◆ Aim of the task
An exact copy of every entry is needed, without the pictures.

* * * * * * * * *

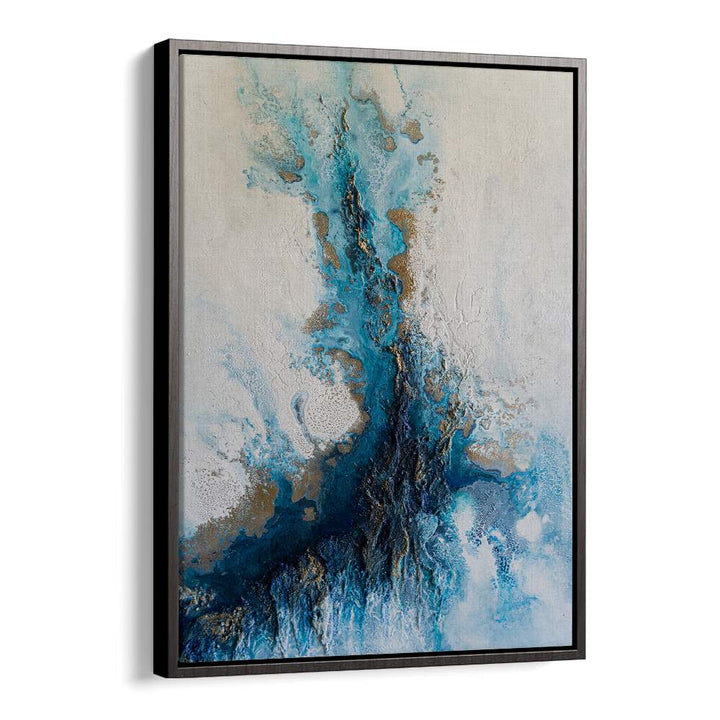 Stunning COASTAL RELEASE, ABSTRACT PAINTINGS in vibrant blue tones to transform any space with serenity.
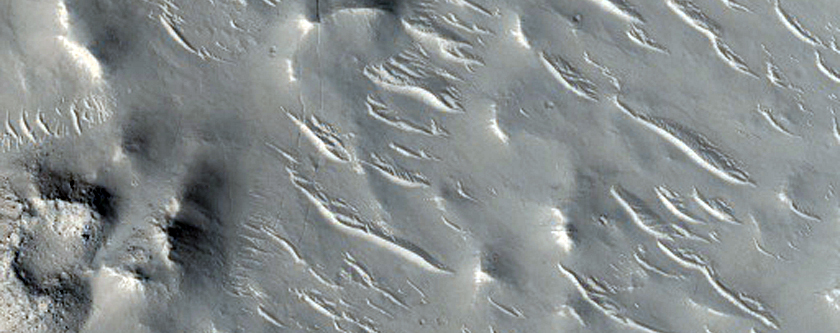 Floor of Peridier Crater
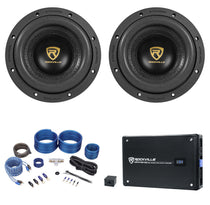W8K9D4 8" Subwoofers 2-Pack + KRYPTON-M3 Amplifier Bundle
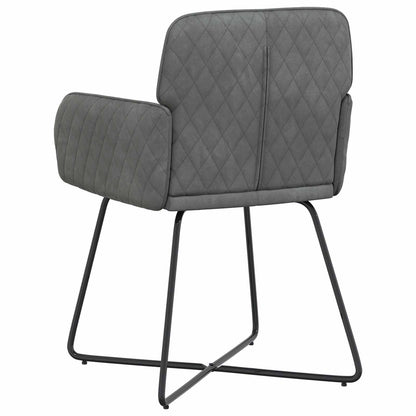 Eettafelstoelen 4 pcs fluweel Donkergrijs 59 x 56,5 x 86 cm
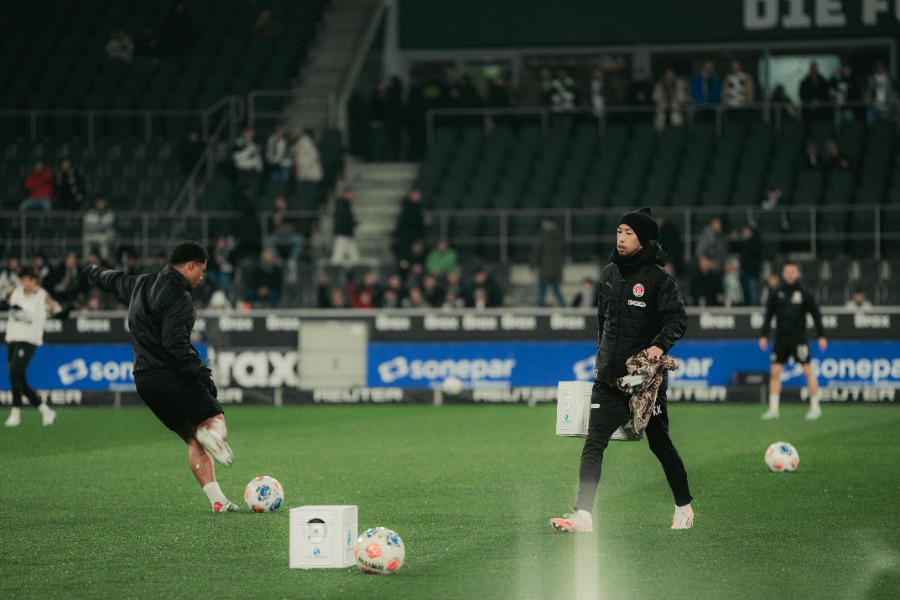 ザンクト・パウリの神原健太氏【写真：岩本太成】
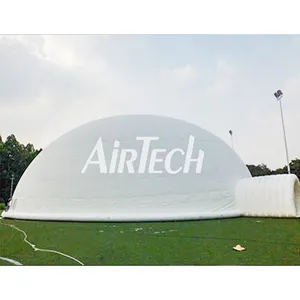 Tenda Kubah Udara Luar Ruangan, Tenda Chongqi Komersial Tiongkok, Tenda Sirkus Tiup Besar Menyenangkan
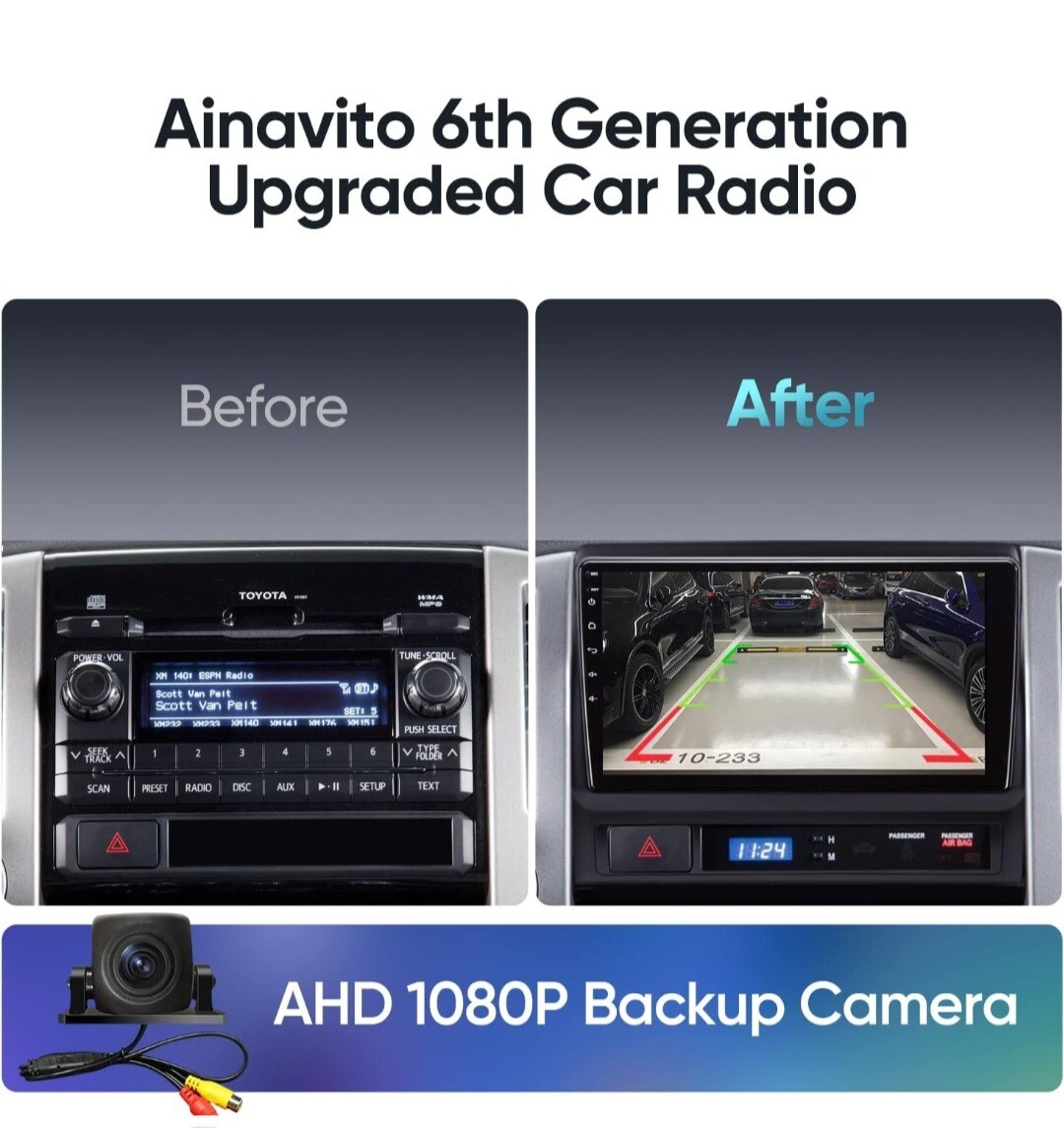 **NEW** Ainavito 5G WiFi Core 1280- 9inch Car stereo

* * * * * * * * *

◆ Solution to this problem
 Stunning COASTAL RELEASE, ABSTRACT PAINTINGS in vibrant blue tones to transform any space with serenity.
 Floor of Peridier Crater
W8K9D4 8" Subwoofers 2-Pack + KRYPTON-M3 Amplifier Bundle
 Eettafelstoelen 4 pcs fluweel Donkergrijs 59 x 56,5 x 86 cm
 ザンクト・パウリの神原健太氏【写真：岩本太成】
 Tenda Kubah Udara Luar Ruangan, Tenda Chongqi Komersial Tiongkok, Tenda Sirkus Tiup Besar Menyenangkan
 **NEW** Ainavito 5G WiFi Core 1280- 9inch Car stereo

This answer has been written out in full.